3. O que podemos fazer?

Àqueles poucos que recorrem aos seus direitos entram nas estatísticas dos custos operacionais. Estes recebem indenizações irrisórias, admitidas pelos tribunais superiores que falam em “indústria das indenizações” e “demandismo” – e este resultado invariavelmente acontece depois de muitos anos de espera, até décadas para a solução dos casos judiciais.
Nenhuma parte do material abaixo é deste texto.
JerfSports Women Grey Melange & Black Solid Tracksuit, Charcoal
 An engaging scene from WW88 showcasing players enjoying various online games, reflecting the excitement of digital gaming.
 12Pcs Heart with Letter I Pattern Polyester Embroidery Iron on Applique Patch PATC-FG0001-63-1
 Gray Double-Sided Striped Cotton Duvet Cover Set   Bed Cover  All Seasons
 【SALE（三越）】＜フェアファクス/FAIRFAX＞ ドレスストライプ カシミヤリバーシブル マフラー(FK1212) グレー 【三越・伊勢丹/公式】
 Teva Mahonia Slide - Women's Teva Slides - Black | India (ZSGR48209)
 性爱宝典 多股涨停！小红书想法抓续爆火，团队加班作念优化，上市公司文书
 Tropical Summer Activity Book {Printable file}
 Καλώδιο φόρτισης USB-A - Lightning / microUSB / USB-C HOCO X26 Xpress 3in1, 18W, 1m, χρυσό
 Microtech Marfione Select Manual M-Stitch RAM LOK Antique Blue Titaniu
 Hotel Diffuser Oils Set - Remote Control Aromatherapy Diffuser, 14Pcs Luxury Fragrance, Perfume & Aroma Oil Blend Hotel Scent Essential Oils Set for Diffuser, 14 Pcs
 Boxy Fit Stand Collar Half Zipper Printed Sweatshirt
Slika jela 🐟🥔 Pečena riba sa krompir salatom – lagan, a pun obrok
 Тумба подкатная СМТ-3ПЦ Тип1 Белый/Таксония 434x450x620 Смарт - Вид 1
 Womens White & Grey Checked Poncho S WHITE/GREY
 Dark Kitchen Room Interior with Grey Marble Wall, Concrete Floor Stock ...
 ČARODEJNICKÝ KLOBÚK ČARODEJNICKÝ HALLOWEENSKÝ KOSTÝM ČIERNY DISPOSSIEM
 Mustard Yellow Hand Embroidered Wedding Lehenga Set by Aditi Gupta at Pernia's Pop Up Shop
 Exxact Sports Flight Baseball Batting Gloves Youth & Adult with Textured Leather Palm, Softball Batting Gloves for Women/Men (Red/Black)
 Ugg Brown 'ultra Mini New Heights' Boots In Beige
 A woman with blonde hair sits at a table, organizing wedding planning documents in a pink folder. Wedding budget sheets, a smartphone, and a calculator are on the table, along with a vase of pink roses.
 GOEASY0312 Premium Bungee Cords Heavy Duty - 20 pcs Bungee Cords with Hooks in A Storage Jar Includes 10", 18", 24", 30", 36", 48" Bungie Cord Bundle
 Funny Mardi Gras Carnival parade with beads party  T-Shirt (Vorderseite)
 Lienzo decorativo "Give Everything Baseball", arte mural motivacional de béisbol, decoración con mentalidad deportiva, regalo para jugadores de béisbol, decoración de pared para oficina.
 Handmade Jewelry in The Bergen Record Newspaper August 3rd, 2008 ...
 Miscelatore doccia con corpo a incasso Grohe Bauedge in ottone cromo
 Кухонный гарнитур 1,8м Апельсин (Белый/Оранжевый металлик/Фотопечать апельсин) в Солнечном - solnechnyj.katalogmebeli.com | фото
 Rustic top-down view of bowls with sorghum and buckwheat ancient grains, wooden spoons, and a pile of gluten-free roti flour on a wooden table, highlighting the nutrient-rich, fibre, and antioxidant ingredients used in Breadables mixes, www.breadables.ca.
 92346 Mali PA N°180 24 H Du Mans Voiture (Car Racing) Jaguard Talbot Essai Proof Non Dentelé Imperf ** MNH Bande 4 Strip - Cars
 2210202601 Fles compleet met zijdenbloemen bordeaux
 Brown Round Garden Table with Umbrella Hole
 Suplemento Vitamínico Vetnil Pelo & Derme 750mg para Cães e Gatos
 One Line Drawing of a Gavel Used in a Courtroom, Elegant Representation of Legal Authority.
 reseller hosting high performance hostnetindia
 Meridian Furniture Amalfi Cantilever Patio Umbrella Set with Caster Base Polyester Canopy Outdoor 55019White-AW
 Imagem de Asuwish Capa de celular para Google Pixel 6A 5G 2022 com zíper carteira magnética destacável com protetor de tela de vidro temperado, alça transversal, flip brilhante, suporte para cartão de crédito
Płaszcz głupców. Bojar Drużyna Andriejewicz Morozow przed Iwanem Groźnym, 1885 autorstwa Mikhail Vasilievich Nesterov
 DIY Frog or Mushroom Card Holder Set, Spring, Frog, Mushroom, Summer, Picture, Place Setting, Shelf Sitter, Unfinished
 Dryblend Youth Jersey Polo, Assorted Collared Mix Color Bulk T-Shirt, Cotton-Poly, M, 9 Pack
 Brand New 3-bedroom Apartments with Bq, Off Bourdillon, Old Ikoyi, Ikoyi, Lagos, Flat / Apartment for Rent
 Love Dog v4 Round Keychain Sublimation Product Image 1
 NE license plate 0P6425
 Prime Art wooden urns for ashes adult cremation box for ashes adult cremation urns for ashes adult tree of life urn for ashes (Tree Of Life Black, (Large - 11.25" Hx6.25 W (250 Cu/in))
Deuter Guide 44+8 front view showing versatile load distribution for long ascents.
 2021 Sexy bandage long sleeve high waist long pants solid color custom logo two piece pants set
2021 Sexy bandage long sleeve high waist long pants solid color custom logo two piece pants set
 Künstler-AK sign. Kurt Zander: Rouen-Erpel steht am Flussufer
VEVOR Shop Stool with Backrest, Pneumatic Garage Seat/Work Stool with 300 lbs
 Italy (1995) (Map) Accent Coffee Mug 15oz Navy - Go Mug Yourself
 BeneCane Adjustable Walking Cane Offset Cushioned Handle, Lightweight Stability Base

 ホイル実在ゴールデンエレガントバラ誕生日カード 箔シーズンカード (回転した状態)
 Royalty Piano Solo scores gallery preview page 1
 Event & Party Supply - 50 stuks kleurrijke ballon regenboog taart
A função didática e preventiva das indenizações perdeu-se nos congressos e discursos científicos do Direito.

A epidemia das mortes do Trânsito sequer é estudada pelo Direito, que está preocupado, na maior parte das vezes, com o exibicionismo intelectual das pós-graduações, com linhas de pesquisas de duvidosa prática e de pouquíssimo alcance social.

Neste cenário, o cotidiano escapa ao Direito e as questões mais simples do dia-a-dia das pessoas não se resolvem, sejam no que tange a qualidade dos serviços públicos essenciais, no trânsito e transporte, seja num simples ato da vida diária das pessoas.

Viver se tornou um interminável 0800 para se tentar resolver problemas cada vez maiores do outrora simples, mas hoje complexo convívio social.

Quem sabe a atuação dos políticos possa resolver nosso cotidiano, cujos personagens principais prometem e prometem e o povo, o verdadeiro dono do poder, esquece sempre de cobrar, no repetitivo ciclo eleitoral de dois em dois anos anos.